--- ABOUT THIS EXERCISE ---
The reply should hold only the lines below beginning at the one with "2011 Formula 34PC cockpit galley" and ending at the one with "Smart TV, fireplace, table tennis", copied exactly, with every picture left out.

(EXERCISE DATA)

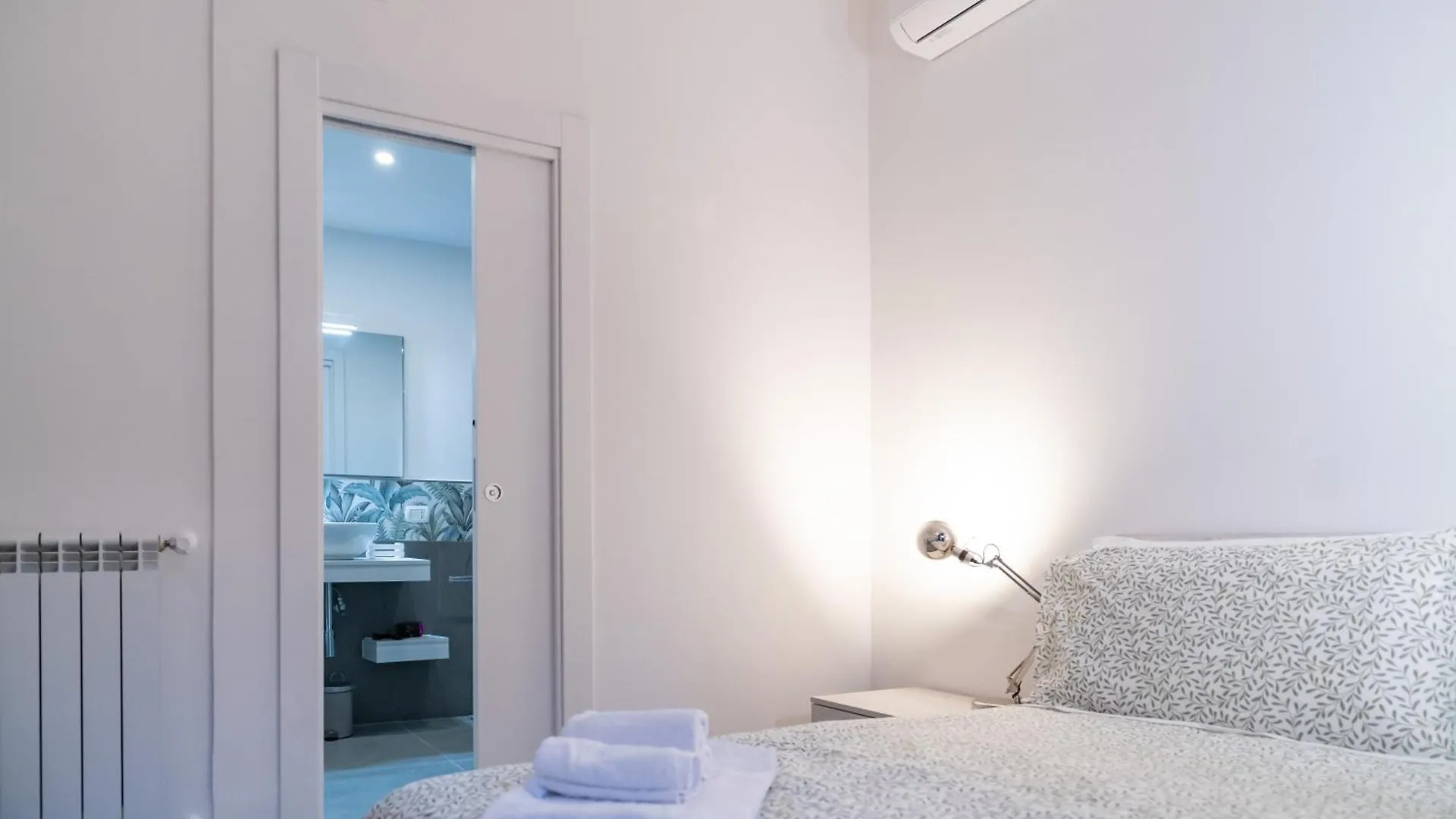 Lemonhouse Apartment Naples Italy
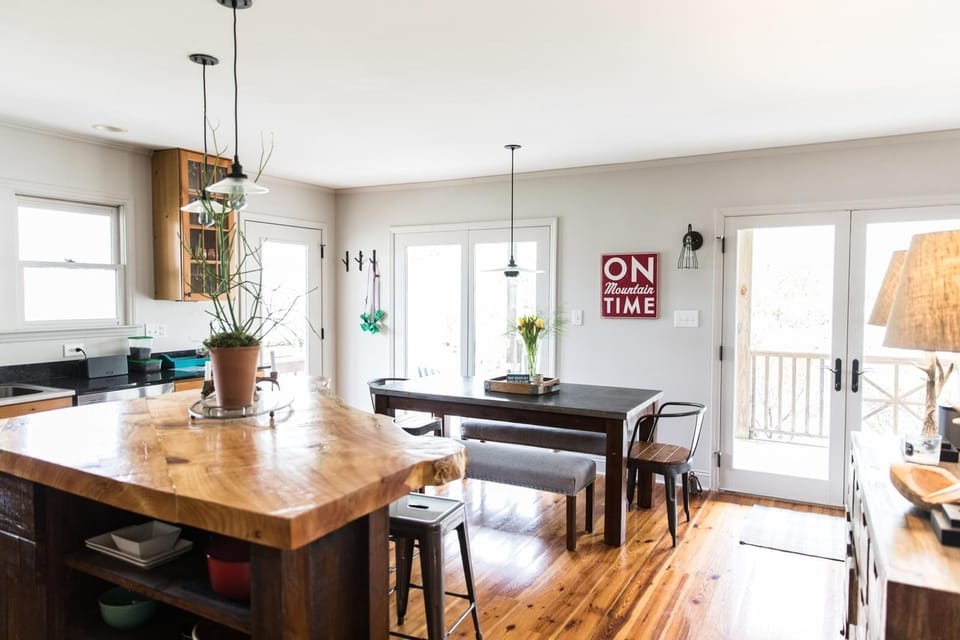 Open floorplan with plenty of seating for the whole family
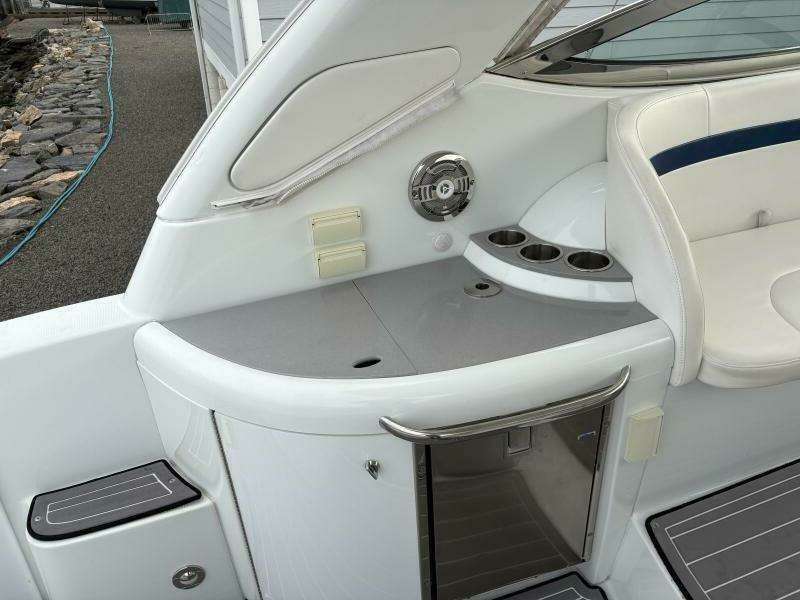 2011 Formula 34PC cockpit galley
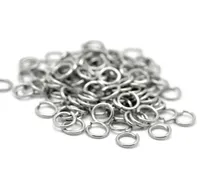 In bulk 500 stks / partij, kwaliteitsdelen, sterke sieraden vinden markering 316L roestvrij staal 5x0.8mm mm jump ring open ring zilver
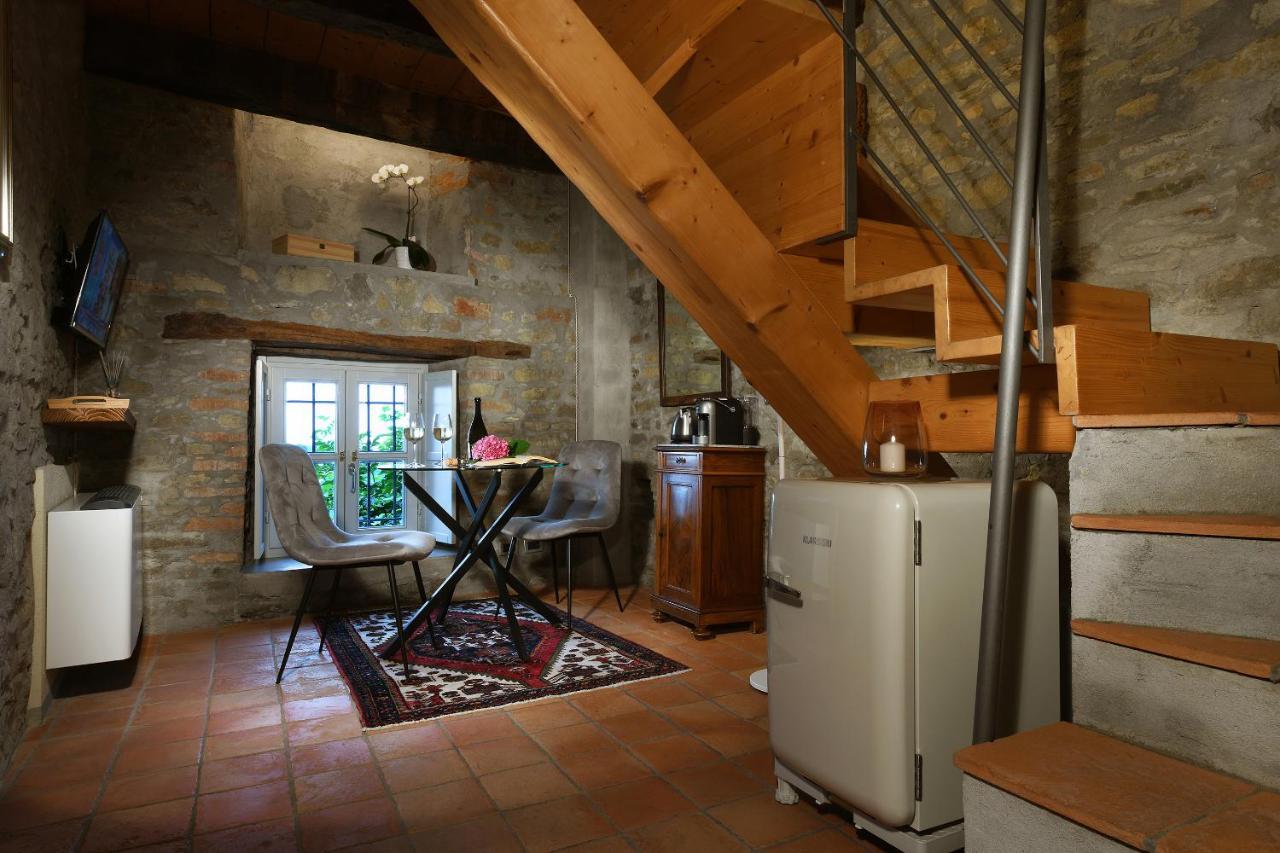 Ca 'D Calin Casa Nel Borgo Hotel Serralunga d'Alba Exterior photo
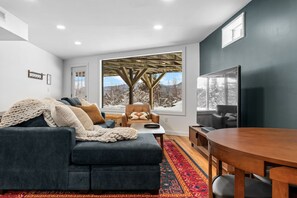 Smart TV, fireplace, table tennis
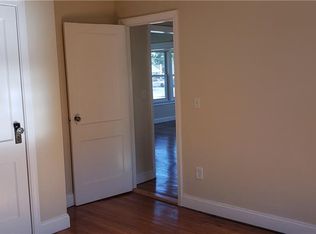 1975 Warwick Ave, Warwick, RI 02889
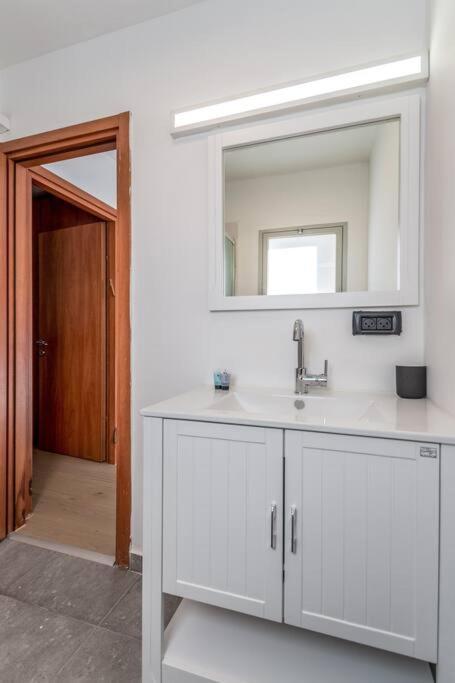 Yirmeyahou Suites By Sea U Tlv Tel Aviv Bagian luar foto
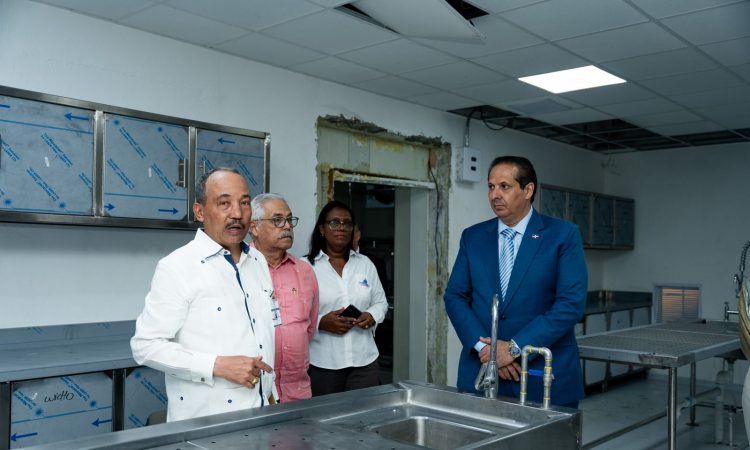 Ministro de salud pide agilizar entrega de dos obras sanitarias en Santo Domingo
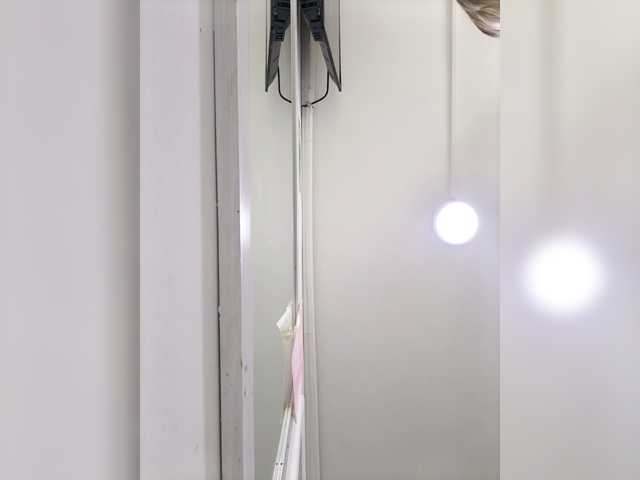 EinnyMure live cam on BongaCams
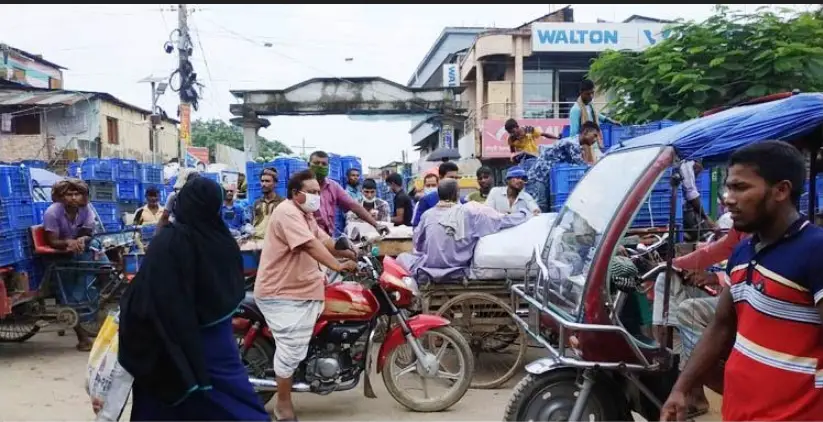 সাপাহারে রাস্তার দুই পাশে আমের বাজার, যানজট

(End EXERCISE DATA)

--- REPLY ---
 2011 Formula 34PC cockpit galley
 In bulk 500 stks / partij, kwaliteitsdelen, sterke sieraden vinden markering 316L roestvrij staal 5x0.8mm mm jump ring open ring zilver
 Ca 'D Calin Casa Nel Borgo Hotel Serralunga d'Alba Exterior photo
 Smart TV, fireplace, table tennis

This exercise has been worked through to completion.